503: I'm not ruling out that Obama can do it. I'm quite hopeful that he can, actually, largely for the structural reasons that Walt cites in 504, but also because BHO has a proven model for identifying supporters and getting them to the polls. But I won't stop worrying about the outcome until he's up on the dias on January with his hand on the Koran Bible.
Better to endlessly dissect the invented preferences of imaginary people in distant places -- that way you can really get a good worry on.
Too snide, Sifu. I'm not imagining those distant people: I'm kin to a good number of them. And Obama racking up all of 9% of primary vote in a particular place is reasonable cause for concern about which way the other 91% will turn in November. And yes, I worry about those 91% more than I do about the 91% (or so) of Blacks in Philadelphia who voted for Obama, because they are awfully unlikely to turn to McCain, even if their enthusiasm for turning out for Hillary is dampened.
The turnout yesterday was 80% of the Kerry vote.
But the more relevant comparison is that the turnout yesterday was triple the PA primary turnout in 2004. And that there were a lot of new registered Dems, especially compared to new Repubs. That is a very good sign for Obama's chances in PA in a general, where he'll be going against a Republican instead of another Democrat who's closely tied to a solid 90s brand.
I'm kin to a good number of them.
Which understandably might lead you to overestimate the importance of them. (I do the same.)
I mean, by all means worry if you want. Just remember that none of this consists of actual information about the actual behavior of significant numbers of voters in the upcoming election: on that score, we really know nothing, and this is simply a game of Team Fretfulness. Is there reason to be worried? Sure, election hasn't happened yet. Is there reason to be optimistic? Yes. Is there reason to believe anything very much more fine-grained than that? Not really.
511: more biographical information! SCMT is (a) a redneck, who (b) broke up with somebody on Valentine's day: we're tracking you down!
he needs to continue to get at least a few of these voters to come out for him
Feh. I didn't literally mean that he's on track to get zero. Look at KR's Ohio math. Kerry got almost 40% of a lot of rural counties, and lost. Now, there's no reason - other than racism - to think that Obama is inherently worse for rural voters than Kerry. But the point - or the claim, anyway - is that he needs to do a bit better than Kerry, and he doesn't seem on track to do that. And, as I said, there seems to be an attitude around here (and I suspect in parts of his campaign) that he doesn't need to do that.

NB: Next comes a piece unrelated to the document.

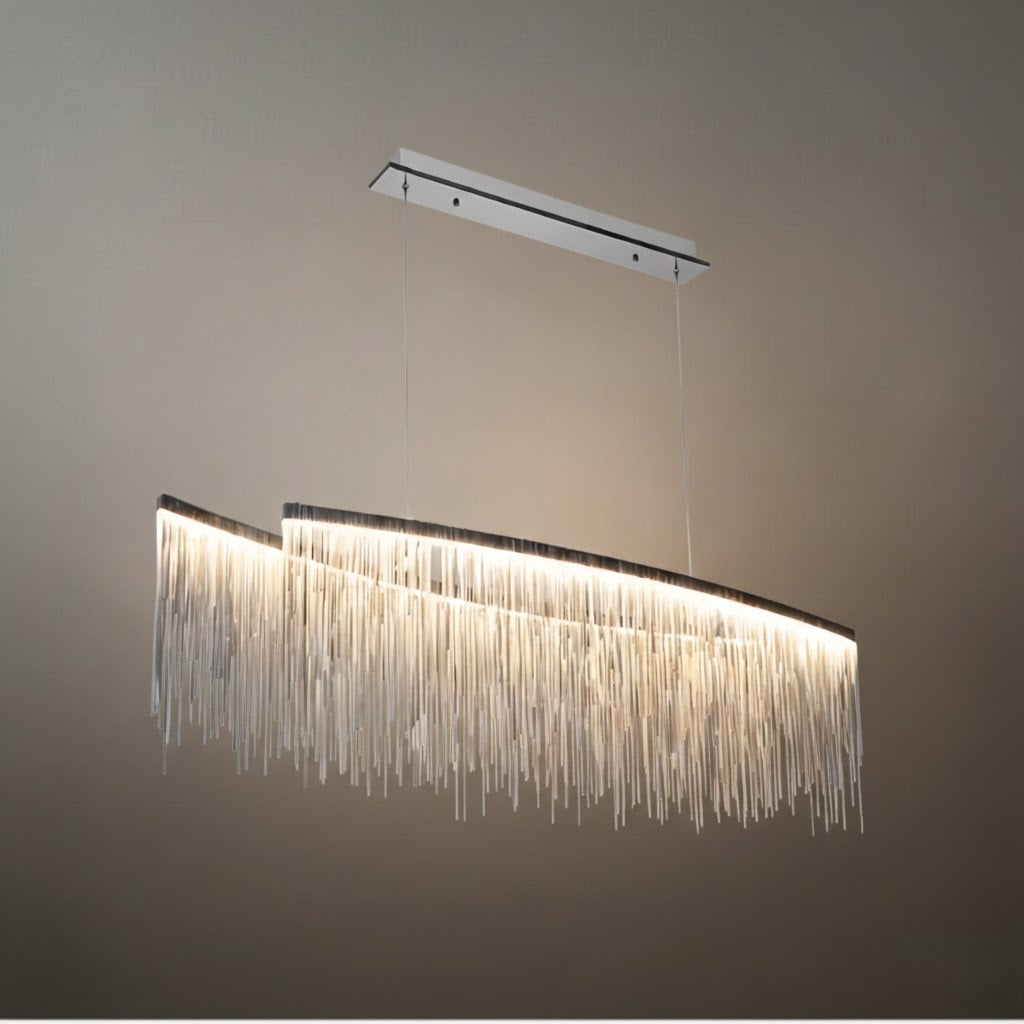 Suspension Royal or ou chrome – Luminaire en métal avec pampilles de luxe pour salle à manger - Flindria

One of the reasons that Iowa was exciting for Obama was that he did well in such a non-Obama-seeming place. It only seems fair to look again, 40 states later, and see how that's held up. Not as well as I'd like.
Obama is probably more popular than Hillary among the rednecks around here.
Merle Haggard is supporting Hillary. The biggest Hillary-hater around here is a big Merle Haggard fan. I have no idea how he's taking it. He's not the kind of guy you want to push very hard.
513: I meant only that I overestimate the importance of people like me and mine, no geographic implications intended.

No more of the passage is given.